_Required work_: When writing out the entries below, keep only the lines from the line with "鲜花花束和带有对开页和粉红色花朵的毕业帽" to the line with "Dessine une course", both included, exactly as they are, and leave the pictures aside.

_Data to use_:
◇ ◇ ◇ ◇ ◇ ◇ ◇

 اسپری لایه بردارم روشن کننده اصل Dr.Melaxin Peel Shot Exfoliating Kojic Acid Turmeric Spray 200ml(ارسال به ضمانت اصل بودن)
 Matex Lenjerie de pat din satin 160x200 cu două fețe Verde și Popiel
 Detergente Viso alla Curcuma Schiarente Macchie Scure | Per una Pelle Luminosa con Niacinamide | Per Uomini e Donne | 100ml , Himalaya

◇ ◇ ◇ ◇ ◇ ◇ ◇

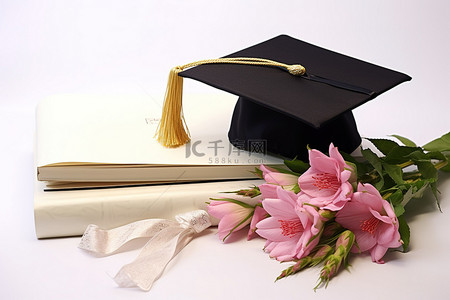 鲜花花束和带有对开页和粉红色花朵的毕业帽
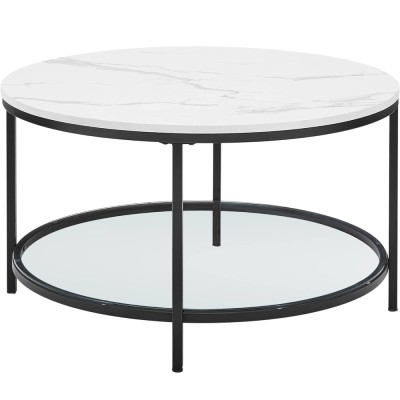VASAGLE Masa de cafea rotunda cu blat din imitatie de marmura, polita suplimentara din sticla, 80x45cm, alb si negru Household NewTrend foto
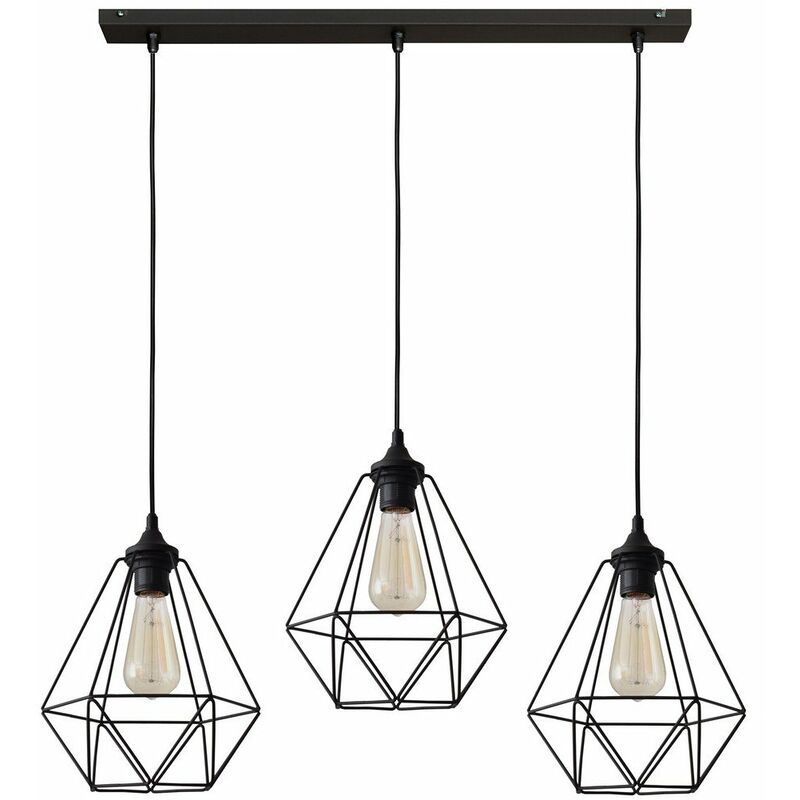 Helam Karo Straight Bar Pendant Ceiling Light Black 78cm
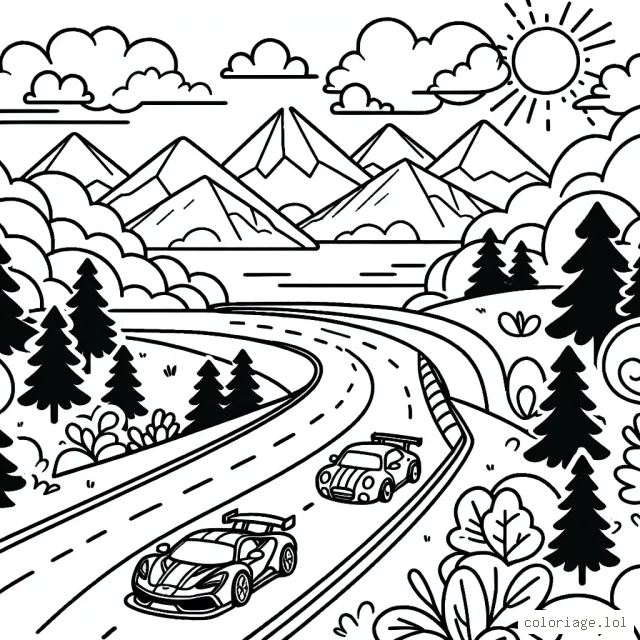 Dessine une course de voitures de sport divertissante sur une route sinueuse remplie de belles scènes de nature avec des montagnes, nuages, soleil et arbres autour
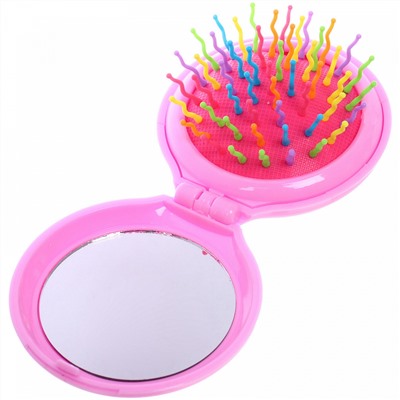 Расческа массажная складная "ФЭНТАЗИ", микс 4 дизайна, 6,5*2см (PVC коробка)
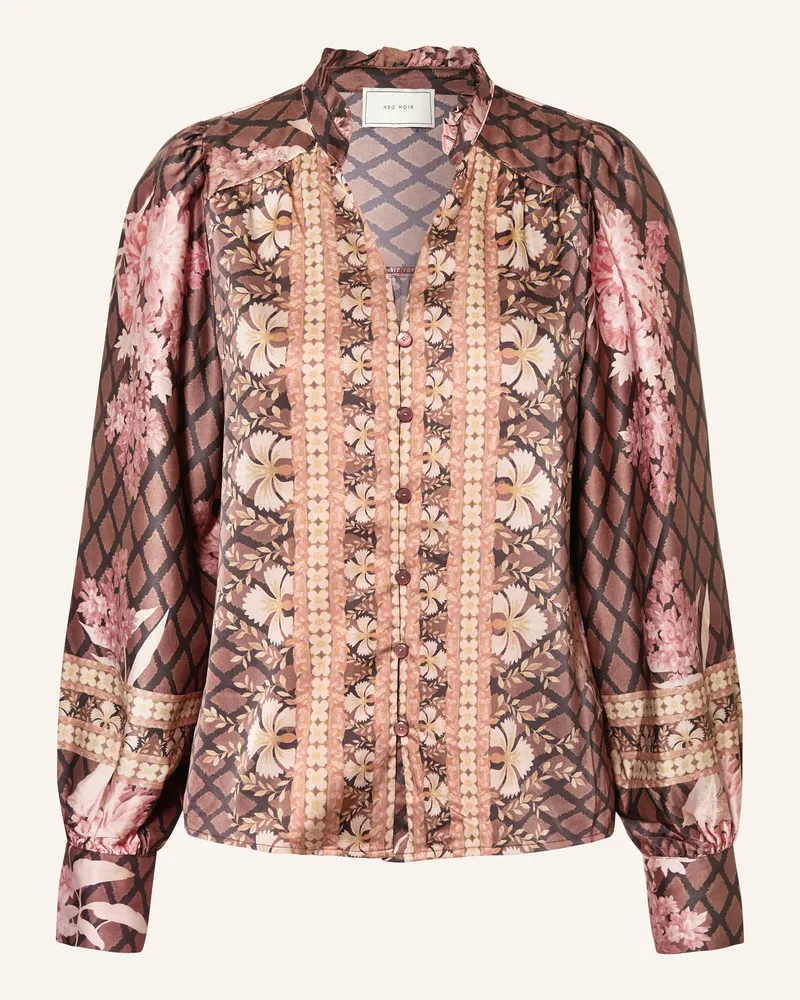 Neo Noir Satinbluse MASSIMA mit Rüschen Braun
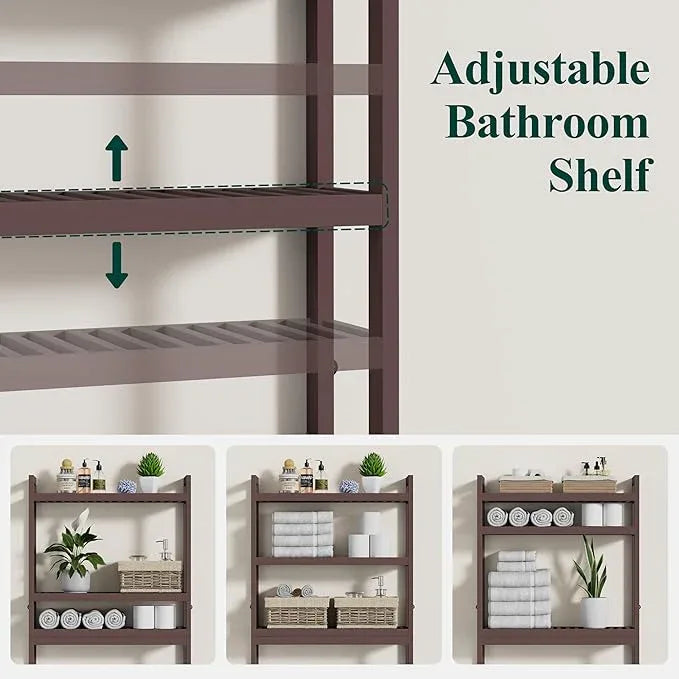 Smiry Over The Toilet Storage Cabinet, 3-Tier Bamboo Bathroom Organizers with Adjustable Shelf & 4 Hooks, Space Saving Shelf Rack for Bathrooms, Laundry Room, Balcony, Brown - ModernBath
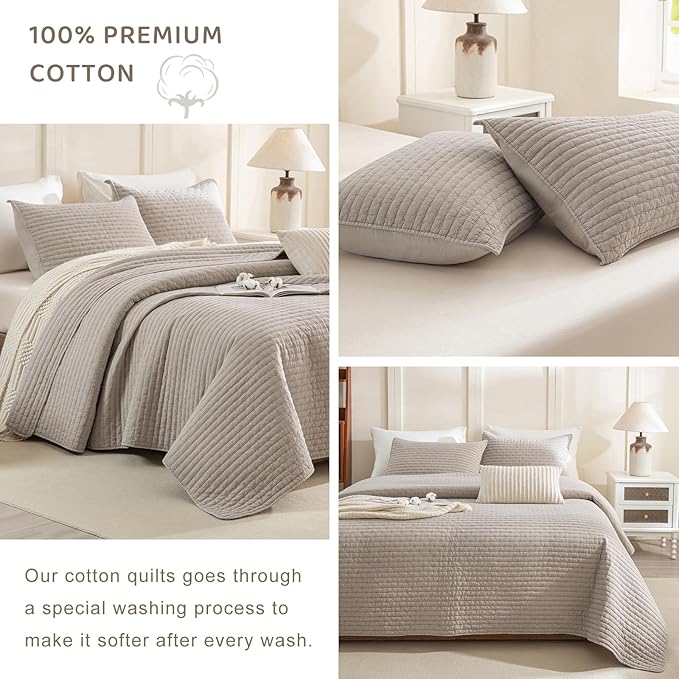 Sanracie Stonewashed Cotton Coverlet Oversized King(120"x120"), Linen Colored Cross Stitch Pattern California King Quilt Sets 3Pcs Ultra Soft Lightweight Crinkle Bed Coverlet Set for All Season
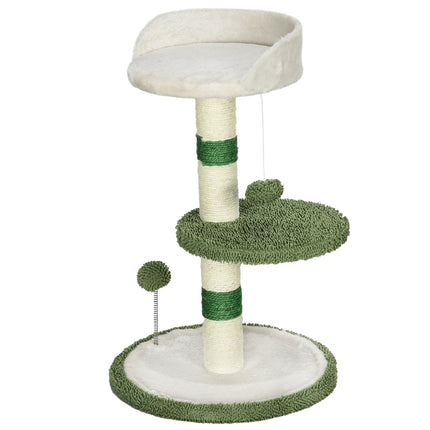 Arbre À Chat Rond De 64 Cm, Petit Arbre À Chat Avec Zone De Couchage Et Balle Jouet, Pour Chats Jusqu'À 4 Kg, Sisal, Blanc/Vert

◇ ◇ ◇ ◇ ◇ ◇ ◇

_Answer for the task_:
 鲜花花束和带有对开页和粉红色花朵的毕业帽
VASAGLE Masa de cafea rotunda cu blat din imitatie de marmura, polita suplimentara din sticla, 80x45cm, alb si negru Household NewTrend foto
 Helam Karo Straight Bar Pendant Ceiling Light Black 78cm
 Dessine une course de voitures de sport divertissante sur une route sinueuse remplie de belles scènes de nature avec des montagnes, nuages, soleil et arbres autour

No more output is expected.